Which brings me to the final drawback...you never know when your family want you, never know when you might have to travel somewhere and never know how quickly you will have to be ready so as a village I can tell to the minute when everyone relaxes. Saturday Night.

You don't have a social night during the week that involves alcohol...you might be driving the next day. You don't have a drink on Friday Night because its town and shopping on Saturday morning so its Saturday Night. Because Sunday morning you can have a lie in bed, plan absolutely nothing and enjoy the time off from work, shopping, and sudden needs to get about...Sunday is Sacred.

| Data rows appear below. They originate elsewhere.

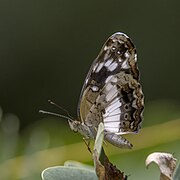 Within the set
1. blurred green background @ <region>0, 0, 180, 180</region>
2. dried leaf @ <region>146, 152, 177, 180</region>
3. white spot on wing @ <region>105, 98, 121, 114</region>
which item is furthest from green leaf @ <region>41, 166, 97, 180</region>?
blurred green background @ <region>0, 0, 180, 180</region>

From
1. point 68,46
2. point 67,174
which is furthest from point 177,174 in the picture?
point 68,46

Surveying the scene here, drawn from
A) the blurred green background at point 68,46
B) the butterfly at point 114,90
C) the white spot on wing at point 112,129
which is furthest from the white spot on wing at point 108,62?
the blurred green background at point 68,46

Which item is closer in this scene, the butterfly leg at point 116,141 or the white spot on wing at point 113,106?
the butterfly leg at point 116,141

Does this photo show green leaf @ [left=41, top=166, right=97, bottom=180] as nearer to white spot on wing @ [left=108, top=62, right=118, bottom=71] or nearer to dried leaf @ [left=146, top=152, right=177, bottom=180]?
dried leaf @ [left=146, top=152, right=177, bottom=180]

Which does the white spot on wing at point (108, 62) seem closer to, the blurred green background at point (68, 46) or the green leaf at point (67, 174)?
the green leaf at point (67, 174)

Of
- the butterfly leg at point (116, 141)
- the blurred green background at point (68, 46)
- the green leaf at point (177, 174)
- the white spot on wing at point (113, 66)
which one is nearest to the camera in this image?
the green leaf at point (177, 174)

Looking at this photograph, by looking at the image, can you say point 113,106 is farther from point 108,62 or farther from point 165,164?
point 165,164

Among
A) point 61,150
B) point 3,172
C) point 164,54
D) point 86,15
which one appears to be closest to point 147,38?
point 164,54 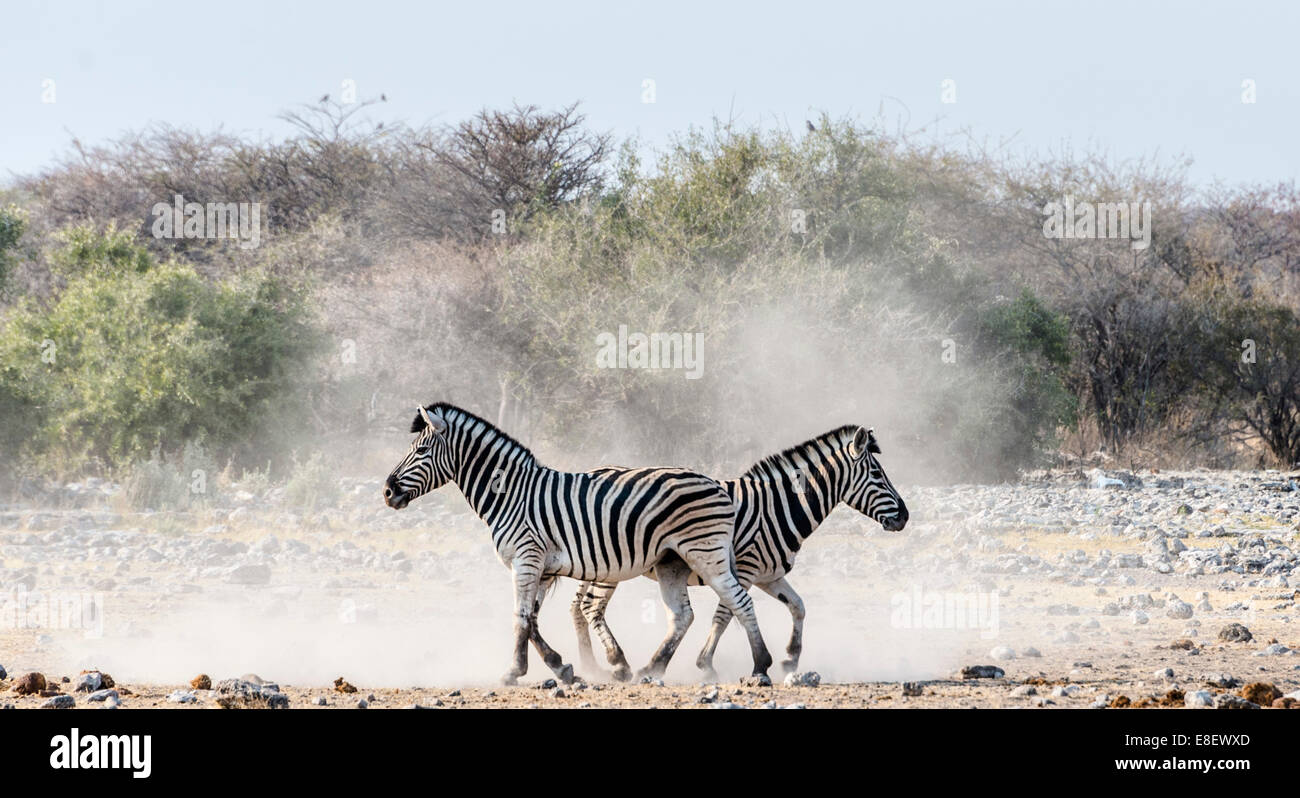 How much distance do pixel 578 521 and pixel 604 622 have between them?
0.87 meters

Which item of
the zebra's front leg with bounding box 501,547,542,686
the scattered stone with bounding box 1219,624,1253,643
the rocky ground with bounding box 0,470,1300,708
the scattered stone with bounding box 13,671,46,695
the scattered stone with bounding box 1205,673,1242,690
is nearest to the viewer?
the scattered stone with bounding box 13,671,46,695

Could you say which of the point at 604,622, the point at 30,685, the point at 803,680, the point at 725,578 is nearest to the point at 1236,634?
the point at 803,680

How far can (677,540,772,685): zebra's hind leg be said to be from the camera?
287 inches

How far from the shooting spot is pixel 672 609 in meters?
7.56

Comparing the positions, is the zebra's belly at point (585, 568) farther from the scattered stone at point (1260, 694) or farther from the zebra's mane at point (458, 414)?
the scattered stone at point (1260, 694)

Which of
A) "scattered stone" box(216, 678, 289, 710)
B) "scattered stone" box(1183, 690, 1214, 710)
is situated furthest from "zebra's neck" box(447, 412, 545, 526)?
"scattered stone" box(1183, 690, 1214, 710)

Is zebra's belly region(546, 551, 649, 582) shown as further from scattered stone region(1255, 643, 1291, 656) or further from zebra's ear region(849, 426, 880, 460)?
scattered stone region(1255, 643, 1291, 656)

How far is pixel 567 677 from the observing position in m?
7.39

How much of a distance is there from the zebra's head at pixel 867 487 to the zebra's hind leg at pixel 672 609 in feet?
3.74

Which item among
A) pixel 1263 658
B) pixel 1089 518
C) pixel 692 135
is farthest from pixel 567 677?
pixel 692 135

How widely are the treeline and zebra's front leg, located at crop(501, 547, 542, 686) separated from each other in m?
11.4

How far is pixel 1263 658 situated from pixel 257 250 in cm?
2436

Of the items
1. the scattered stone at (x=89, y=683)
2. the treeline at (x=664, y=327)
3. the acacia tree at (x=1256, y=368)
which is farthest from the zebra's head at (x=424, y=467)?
the acacia tree at (x=1256, y=368)

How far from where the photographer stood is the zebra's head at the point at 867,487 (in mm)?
7949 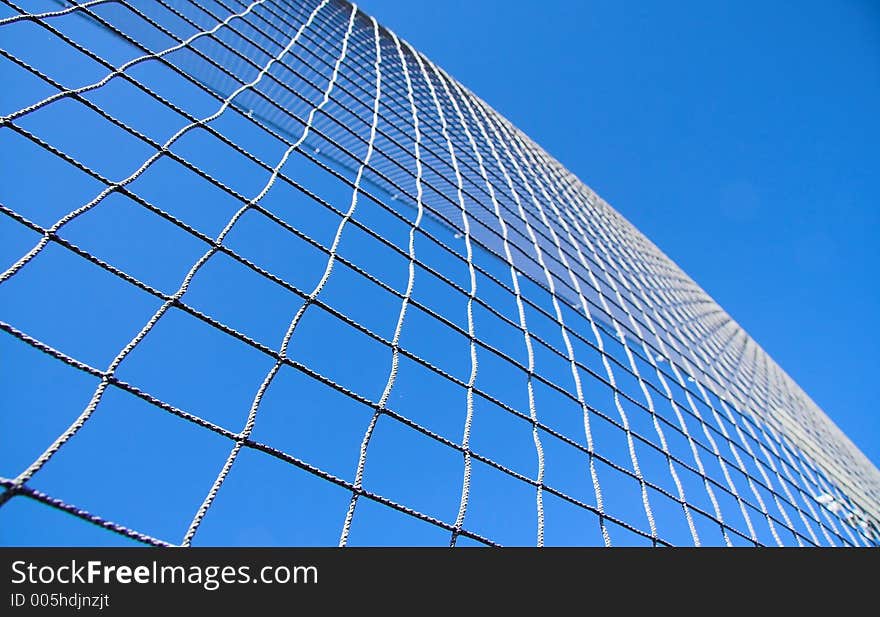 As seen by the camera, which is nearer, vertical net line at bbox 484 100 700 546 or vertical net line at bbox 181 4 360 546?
vertical net line at bbox 181 4 360 546

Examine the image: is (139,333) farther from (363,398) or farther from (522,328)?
(522,328)

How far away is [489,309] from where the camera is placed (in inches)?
82.9

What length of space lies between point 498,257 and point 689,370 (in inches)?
64.8

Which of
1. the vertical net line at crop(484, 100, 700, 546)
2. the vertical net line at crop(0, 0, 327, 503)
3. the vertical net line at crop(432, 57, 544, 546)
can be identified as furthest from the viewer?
the vertical net line at crop(484, 100, 700, 546)

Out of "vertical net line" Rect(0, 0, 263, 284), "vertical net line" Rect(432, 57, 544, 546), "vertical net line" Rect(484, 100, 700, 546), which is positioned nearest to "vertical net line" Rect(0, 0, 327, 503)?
"vertical net line" Rect(0, 0, 263, 284)

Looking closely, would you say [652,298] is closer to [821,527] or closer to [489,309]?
[821,527]

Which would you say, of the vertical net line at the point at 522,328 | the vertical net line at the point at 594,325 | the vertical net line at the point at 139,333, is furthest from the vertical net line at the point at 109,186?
the vertical net line at the point at 594,325

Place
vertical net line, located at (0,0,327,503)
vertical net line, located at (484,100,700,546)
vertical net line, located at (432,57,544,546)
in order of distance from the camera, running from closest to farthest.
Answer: vertical net line, located at (0,0,327,503) → vertical net line, located at (432,57,544,546) → vertical net line, located at (484,100,700,546)

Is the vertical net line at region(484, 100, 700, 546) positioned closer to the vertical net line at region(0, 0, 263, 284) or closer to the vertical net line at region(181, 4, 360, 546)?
the vertical net line at region(181, 4, 360, 546)

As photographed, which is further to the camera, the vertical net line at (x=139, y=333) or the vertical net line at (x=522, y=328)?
the vertical net line at (x=522, y=328)

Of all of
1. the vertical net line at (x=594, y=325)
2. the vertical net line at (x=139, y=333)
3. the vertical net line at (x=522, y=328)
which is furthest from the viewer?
the vertical net line at (x=594, y=325)

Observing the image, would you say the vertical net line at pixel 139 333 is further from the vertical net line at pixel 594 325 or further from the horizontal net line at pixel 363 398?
the vertical net line at pixel 594 325

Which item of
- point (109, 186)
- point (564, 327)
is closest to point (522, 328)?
point (564, 327)
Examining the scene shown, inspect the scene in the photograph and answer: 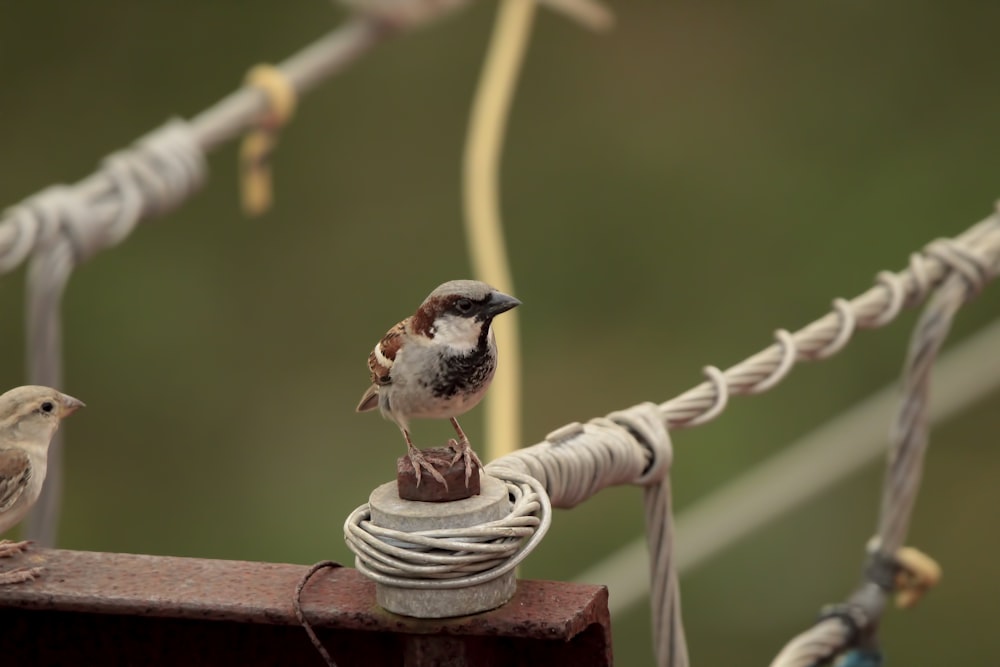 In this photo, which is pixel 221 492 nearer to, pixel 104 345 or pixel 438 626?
pixel 104 345

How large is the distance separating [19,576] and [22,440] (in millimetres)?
130

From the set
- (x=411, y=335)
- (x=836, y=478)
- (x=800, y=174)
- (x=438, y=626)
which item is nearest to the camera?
(x=438, y=626)

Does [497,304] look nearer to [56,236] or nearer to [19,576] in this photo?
[19,576]

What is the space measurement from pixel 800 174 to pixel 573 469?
1437 millimetres

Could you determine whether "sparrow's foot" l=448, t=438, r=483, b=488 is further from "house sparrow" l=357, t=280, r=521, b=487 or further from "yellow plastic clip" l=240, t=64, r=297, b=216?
"yellow plastic clip" l=240, t=64, r=297, b=216

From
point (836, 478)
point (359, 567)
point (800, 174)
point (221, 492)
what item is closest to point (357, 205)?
point (221, 492)

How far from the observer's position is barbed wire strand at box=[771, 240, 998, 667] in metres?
1.08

I personally think its brilliant, when it isn't tourist season the whole week is beautifully balanced, work, sleep and easy going socialising, come the weekend party time...but just one night. Sure people do act outside of this but it is the norm, it is the way, because it works. Its why my friends on Facebook take the mickey out of me, they know they can put a status on their own FB thats about party times and I can only click on like but I can't join in...especially when I had to take painkillers OMG that was a tee total time all round not even my weekend moment lol. But in the end its an old fashioned way of socialising a few drinks on a saturday with a few good friends then a nice lie in and then back to work...and you don't lose your drivers license either :)

Any other drawbacks ? not that I can think of, you are known by everyone, your business is known by everyone so their are no lies or need to hide yourself because there is no point. A whole lot stressfull than for some :)

All in all I love living up a mountain, I love the atmosphere and the people and the view and the peace and the quiet. I can walk, swim,drive or simply lounge on my balcony to my hearts content. Visitors love it, friends are threatening to move in...and I am happy.